Wednesday, August 16, 2006
This past school year, the issue was raised again and I gave it some real thought. Could we put such a project together in time? Could we afford it? Was it a good use of the church's mission funds? Would it be a good experience for our youth and those they might serve? As all these questions swirled about, I happened to attend the Princeton Theological Seminary Institute for Youth Ministry in Seattle. While there I had the opportunity to serve one afternoon at a local church that provides a hot meal ministry to homeless teens. The ministry began some ten years ago when the church's junior high youth decided to use their mission trip money to stay in their "own backyard" rather than take a trip and open a summer soup kitchen for young people their own age who were on the street. Amazingly, this ministry that was to only last a summer is still going strong today, serving meals seven days a week.
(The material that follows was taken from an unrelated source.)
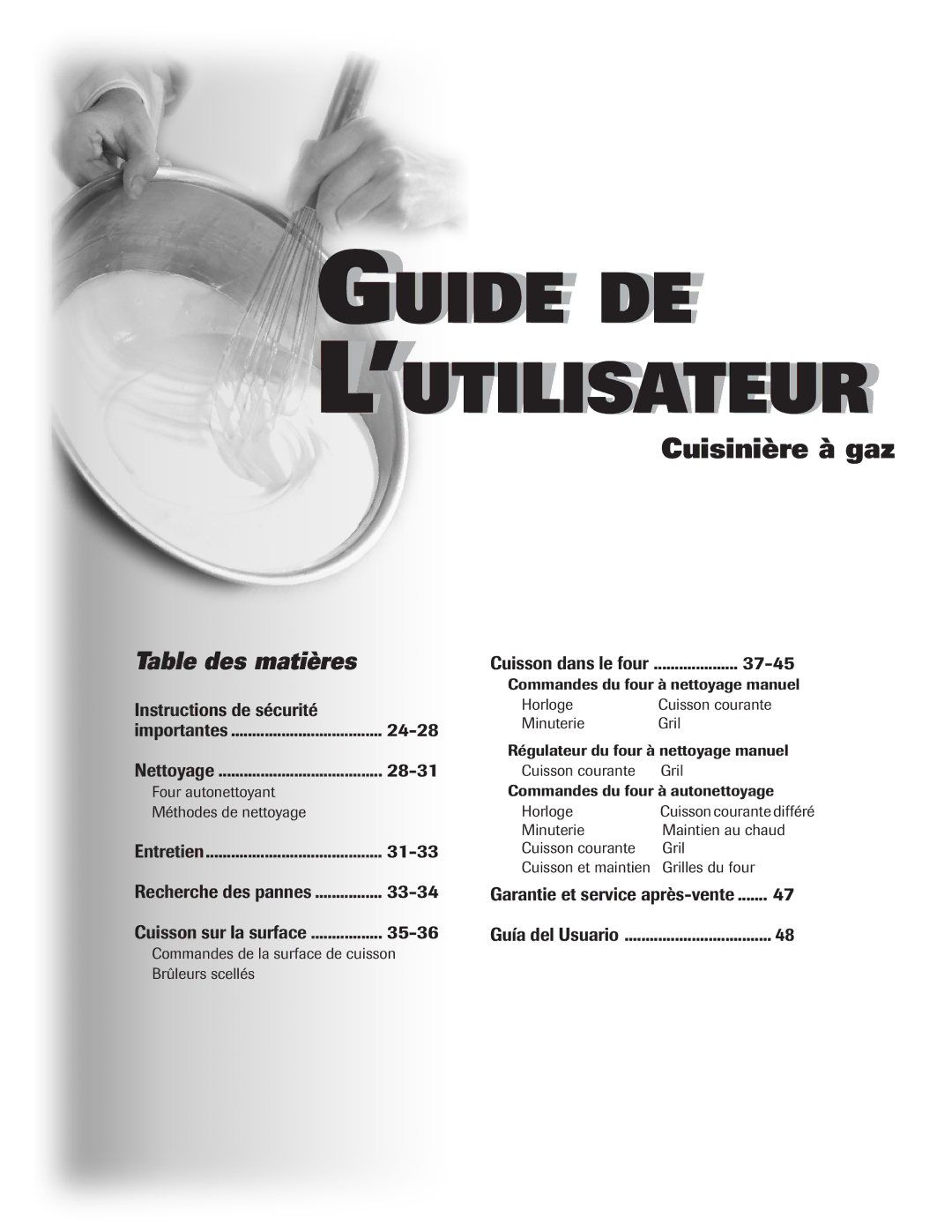 Maytag 8113P560-60 important safety instructions Instructions de sécurité, 24-28, 28-31, 31-33, 33-34, 35-36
Inspired by this story, I returned to my church and presented the youth with a challenge: "If we want to go to Mexico next summer, what if we stay right here in St. Louis, our hometown, this summer and help with the ministries that are going on at our doorstep." With the idea out on the table, I waited for the inevitable protests...but they didn't come. The first question one of the teens asked was "How would it work?" and the second was "What would we do?" With that, we got going planning a summer mission experience that helped our youth see the needs of the very city in which they live and for one week this summer we lived, worked, ate, played, and prayed together while helping out with the elderly, in soup kitchens, at an inner city school, and homeless shelters and I was reminded once again why I'm still a youth minister at age 40 and how lucky I am to be working with such great young people.
Tuesday, August 08, 2006
This past Sunday I had the opportunity to preach on the Markan passages related to the feeding of the 5000 and Jesus walking on water -- an interesting challenge for someone who reads much of the Bible as metaphor. My sermon primarily focused on the walking on water episode and the Markan theme of "fear." In the passage, the disciples see Jesus coming across the water, but they don't recognize him. They think they are seeing a ghost and freak out! Of course, the Markan disciples are always having trouble understanding who Jesus is -- they just don't get him. In the end of the gospel, their fear wins out over their trust and they run off to hide.
My time in youth ministry has taught me that many of us who minister to young people are constantly operating under this sort of "fear factor." We are often paralyzed in our effort to offer an authentic faith experience to our youth because we fear that if we do 1) it'll bore the teens and our group won't grow and, consequently, 2) the kids will stop coming and the group will shrink, 3) we fear the church won't think we are successful in terms of numbers and activity, 4) we fear everyone will find out that we don't exactly have this youth ministry-thing down to a science, 5) we fear we will fail.
So, we play it safe. We play to to our comforts and to the comforts of our youth: movie nights and pizza parties and Christian concerts and trips to Six Flags when what are youth really need is quiet, rest, time alone with God, authentic relationship, and a chance to see the true reality that exists just beyond the veil of our consumer culture. The challenge, as I see it, is for those of us in youth ministry is to get beyond our fears (or "anxieties," as others might label the problem) and trust that God is already working in the lives of these young people. Our task, perhaps, is simply to provide the quiet spaces where they can hear God's call on their hearts.